Shetford’s origins are obscure, but he was established in the county of Somerset, perhaps even at Wells, by early 1435, when he found sureties at the Exchequer for John, Lord Tiptoft†.
It is not clear whether Shetford owned any property in Wells, and the style of an esquire which he had adopted by the time of his election to the Commons may have been based on holdings outside the county of Somerset. Even so, his title to these was complicated, and it is not clear when, or indeed whether, he actually had possession of the land in question. In October 1473, a few years after Shetford’s death, his son, William, successfully petitioned Parliament for confirmation of his right to a share of the estates of the ancient Cornish family of de Brune. According to his petition, the last of the de Brunes, Sir William†, had died without legitimate issue, and the family estates had consequently been partitioned between his two sisters, Joan and Alice. Although Joan’s direct heir, Edward Dallyng, had surrendered his interest to Alice’s grand-daughter and her husband, Stephen Bodulgate, in return for an annuity, William Shetford laid claim to Joan’s share of the estates as her ‘cousin and heir’, and asserted that his father Peter had been unjustly disseised by the influential Thomas Bodulgate*. If, however, Peter himself ever formally staked a claim to a share of the de Brune inheritance, no evidence of it has been discovered, and it is certainly suspicious that William only petitioned Parliament after Thomas Bodulgate had died in disgrace at the battle of Barnet. Nor was this the end of the matter, for Bodulgate’s widow and his two sisters proved tenacious opponents, and litigation between their descendants and the Shetfords continued into the reign of Henry VIII.

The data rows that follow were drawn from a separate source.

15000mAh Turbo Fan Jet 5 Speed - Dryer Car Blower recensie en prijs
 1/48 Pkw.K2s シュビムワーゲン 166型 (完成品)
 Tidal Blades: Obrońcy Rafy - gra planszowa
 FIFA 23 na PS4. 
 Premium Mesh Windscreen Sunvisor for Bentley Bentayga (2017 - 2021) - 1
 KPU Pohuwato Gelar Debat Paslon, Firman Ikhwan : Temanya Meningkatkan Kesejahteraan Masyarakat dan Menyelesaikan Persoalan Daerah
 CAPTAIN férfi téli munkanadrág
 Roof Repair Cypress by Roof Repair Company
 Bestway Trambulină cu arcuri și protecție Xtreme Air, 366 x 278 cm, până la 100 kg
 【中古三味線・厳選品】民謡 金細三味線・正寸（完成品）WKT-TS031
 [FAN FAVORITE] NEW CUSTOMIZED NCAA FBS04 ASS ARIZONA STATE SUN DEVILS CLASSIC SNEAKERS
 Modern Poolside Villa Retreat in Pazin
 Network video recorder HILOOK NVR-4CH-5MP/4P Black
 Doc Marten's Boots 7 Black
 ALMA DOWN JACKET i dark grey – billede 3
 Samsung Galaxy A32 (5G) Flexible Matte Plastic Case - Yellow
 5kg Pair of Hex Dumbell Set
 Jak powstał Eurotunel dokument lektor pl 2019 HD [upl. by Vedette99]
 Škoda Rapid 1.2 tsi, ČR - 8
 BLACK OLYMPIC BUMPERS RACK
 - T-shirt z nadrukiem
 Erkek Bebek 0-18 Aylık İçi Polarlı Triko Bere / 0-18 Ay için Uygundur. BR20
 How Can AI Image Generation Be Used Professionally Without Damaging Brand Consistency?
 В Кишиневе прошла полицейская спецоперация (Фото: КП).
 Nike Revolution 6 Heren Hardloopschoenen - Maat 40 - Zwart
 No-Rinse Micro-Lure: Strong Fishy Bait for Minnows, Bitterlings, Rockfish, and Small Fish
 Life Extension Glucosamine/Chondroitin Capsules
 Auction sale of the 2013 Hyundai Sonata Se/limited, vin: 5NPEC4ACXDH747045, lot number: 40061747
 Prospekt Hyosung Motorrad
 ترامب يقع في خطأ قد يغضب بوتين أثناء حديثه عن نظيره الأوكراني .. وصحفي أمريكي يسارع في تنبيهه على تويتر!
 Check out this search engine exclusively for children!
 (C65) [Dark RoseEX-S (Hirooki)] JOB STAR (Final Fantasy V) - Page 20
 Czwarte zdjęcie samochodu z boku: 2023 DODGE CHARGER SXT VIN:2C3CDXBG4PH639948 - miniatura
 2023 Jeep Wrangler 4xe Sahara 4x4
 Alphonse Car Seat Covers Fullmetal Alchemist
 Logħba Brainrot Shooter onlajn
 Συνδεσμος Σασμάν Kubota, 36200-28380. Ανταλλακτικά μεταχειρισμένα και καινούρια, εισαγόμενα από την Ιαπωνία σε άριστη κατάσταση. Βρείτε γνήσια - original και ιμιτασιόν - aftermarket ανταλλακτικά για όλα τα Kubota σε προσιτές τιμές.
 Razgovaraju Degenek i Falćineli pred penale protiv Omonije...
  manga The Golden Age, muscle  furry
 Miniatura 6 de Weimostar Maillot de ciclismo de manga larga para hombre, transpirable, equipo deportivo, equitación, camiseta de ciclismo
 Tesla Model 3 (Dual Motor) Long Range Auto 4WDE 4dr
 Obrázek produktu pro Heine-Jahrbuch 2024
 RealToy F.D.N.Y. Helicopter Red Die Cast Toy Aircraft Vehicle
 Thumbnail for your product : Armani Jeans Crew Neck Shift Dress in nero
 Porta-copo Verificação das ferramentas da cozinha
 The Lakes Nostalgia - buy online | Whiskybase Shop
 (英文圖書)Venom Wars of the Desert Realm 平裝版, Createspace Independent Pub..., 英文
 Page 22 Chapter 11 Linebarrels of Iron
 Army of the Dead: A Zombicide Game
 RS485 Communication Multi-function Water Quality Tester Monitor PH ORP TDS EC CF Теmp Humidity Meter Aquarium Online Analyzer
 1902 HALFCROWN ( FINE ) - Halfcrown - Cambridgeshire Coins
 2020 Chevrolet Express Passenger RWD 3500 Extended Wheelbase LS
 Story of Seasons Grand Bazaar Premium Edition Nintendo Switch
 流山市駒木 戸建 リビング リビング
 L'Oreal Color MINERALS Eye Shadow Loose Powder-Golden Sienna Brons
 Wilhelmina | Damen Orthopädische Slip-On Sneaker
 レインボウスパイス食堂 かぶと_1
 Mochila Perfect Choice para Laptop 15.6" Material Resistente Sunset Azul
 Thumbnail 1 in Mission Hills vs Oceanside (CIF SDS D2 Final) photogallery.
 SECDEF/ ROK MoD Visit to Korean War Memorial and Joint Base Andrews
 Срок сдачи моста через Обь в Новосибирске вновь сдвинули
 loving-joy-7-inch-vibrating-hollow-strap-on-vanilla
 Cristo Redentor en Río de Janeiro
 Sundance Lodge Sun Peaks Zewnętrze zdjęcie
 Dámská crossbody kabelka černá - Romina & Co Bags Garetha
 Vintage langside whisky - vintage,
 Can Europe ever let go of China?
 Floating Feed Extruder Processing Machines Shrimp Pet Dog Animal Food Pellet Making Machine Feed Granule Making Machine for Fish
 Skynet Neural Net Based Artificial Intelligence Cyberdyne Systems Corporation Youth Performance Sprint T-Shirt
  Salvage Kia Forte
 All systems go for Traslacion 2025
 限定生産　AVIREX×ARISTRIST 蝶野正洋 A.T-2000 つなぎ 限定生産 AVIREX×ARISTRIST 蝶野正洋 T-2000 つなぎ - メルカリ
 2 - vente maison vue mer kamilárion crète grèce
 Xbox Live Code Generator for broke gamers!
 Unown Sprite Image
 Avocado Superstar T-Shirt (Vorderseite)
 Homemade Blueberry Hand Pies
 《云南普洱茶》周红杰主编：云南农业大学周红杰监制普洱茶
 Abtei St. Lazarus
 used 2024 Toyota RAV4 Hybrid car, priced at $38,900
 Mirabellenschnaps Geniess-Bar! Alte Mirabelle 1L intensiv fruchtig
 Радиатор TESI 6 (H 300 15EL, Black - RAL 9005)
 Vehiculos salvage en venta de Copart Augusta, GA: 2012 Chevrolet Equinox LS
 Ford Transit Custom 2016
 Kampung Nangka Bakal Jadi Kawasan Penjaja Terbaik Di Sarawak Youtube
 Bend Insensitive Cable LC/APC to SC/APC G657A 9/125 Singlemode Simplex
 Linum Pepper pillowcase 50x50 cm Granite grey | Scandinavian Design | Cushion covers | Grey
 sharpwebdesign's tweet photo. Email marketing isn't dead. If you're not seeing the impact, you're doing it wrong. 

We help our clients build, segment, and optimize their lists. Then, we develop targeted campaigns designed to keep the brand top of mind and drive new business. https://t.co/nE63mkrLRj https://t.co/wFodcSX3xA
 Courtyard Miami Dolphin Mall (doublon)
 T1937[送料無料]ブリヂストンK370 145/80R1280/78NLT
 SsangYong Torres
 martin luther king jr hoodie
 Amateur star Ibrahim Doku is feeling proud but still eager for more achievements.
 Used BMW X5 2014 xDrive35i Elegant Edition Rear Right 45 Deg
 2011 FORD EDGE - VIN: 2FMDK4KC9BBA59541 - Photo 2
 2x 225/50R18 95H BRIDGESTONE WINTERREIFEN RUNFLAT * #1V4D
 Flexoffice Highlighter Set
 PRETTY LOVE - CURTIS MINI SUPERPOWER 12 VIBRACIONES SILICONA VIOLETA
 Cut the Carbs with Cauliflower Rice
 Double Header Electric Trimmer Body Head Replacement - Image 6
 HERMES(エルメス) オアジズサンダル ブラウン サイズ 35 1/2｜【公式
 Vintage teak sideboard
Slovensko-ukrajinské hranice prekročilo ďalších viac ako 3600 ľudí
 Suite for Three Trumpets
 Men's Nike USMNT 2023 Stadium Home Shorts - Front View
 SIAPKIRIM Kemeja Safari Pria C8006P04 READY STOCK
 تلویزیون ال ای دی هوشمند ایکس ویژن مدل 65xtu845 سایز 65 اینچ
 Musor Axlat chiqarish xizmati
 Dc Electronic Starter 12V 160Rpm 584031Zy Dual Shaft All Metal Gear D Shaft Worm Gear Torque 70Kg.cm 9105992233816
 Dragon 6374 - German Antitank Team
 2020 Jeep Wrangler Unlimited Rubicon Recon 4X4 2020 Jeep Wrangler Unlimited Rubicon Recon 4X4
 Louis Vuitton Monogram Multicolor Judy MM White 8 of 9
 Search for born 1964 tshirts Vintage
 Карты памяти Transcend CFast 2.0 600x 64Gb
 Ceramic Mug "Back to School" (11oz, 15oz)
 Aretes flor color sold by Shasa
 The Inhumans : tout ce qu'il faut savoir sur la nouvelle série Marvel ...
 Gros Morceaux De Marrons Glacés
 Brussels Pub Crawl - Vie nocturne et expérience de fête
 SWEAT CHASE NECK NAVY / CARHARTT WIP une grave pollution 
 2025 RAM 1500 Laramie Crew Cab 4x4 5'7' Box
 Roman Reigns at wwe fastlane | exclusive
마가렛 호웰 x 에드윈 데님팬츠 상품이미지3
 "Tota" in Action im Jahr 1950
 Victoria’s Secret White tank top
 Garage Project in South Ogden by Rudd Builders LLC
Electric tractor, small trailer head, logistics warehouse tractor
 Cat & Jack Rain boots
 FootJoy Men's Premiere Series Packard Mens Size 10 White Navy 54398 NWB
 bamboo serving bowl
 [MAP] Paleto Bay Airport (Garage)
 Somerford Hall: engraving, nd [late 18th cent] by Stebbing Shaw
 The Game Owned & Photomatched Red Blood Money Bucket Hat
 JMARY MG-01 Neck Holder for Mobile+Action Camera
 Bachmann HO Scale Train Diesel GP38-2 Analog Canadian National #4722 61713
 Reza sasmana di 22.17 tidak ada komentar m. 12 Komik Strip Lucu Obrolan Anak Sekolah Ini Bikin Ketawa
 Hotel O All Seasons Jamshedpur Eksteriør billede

Nevertheless, Peter Shetford was certainly active in Cornwall: in June 1459 he headed a list of 30 men (including a number of prominent Cornish gentry like John Trelawny*, William Trethewy* and Thomas Clemens*) whose offences a powerful commission of inquiry was ordered to investigate. Central to the commission’s mandates were the crimes of the Trelawnys, which had for some years given the Crown cause for concern, and there can be little doubt that it was in their interest that Shetford had become involved.